Para lidar com sentimentos ruins e traumas, Laura Pini, 19, passa a agir como uma criança. Laura, que prefere ser identificado com o pronome masculino, realiza regressões infantis junto de um caregiver, Rodrigo*, amigo que conheceu pela internet e que assume a posição de cuidador e auxiliar.
A reportagem do TAB presenciou o episódio. Por uma chamada de vídeo, víamos Laura sobre a cama, de pernas cruzadas, usando um macacão jeans e uma tiara no cabelo. Na boca, revezava três mordedores infantis coloridos, emitia sons guturais e gargalhadas.
Minutos depois, apareceram na tela outros objetos que Laura ia garimpando, na ânsia de distração: mamadeira, urso de pelúcia, boneca, chocalho. Como um bebê, mexia as mãos de forma desengonçada e mantinha os olhos arregalados enquanto explorava os detalhes do que tocava.
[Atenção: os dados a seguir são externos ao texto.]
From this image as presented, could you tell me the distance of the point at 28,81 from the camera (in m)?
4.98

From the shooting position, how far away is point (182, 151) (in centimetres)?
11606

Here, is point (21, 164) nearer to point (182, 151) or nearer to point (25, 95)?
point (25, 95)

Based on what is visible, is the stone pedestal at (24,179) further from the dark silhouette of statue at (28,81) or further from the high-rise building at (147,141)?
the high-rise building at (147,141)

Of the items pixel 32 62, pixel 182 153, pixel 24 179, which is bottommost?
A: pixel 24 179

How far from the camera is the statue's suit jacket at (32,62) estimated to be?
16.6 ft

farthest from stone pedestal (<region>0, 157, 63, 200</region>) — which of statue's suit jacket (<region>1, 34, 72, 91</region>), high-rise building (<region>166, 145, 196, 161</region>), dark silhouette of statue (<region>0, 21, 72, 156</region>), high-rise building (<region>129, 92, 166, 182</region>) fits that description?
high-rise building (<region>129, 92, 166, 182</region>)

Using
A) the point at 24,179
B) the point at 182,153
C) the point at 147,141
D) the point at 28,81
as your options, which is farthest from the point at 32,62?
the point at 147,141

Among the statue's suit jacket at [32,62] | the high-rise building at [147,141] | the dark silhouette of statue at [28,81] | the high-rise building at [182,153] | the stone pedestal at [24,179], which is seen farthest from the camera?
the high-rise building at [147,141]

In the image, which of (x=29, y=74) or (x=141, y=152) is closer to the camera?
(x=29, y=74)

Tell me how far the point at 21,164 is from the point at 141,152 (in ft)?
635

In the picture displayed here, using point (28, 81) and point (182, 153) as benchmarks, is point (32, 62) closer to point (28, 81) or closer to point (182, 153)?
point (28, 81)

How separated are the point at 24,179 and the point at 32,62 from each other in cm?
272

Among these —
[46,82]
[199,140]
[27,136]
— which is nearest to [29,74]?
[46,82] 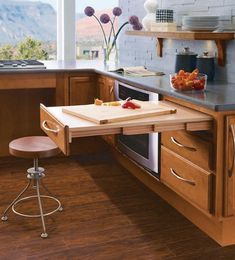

Durante mais de uma hora, seu cuidador ficou pouco em silêncio. Mesmo distantes fisicamente -- Rodrigo mora no Rio; Laura, em Valinhos (SP) --, o caregiver de 18 anos agia como um pai orgulhoso que ri das traquinagens do filho e não pode desviar a atenção. "Cuidado para não se machucar"; "não bota o mordedor muito fundo senão vai passar mal"; "não pode colocar a boneca na boca, só o tetê". Laura soltava palavras indistinguíveis quando incentivado. "Consegue falar buraco?" -- "o caco". "Qual música está cantando?" -- "vilaéamo", o que Rodrigo traduziu como Vila Sésamo.
Os sinais de que estávamos diante de um adulto apareciam na destreza ao segurar os objetos; na tatuagem de Hello Kitty na mão de Laura, ou no piercing medusa no lábio superior, que brotava quando a chupeta escorregava.
A chamada chegou ao fim quando os bocejos se tornaram constantes. "Tem certeza de que não está com sono?", indagou Rodrigo, enquanto Laura balançava a cabeça negando, ao mesmo tempo em que deixava uma fralda de pano passear pelo rosto. Resistiu por pouco tempo. Logo dormiu.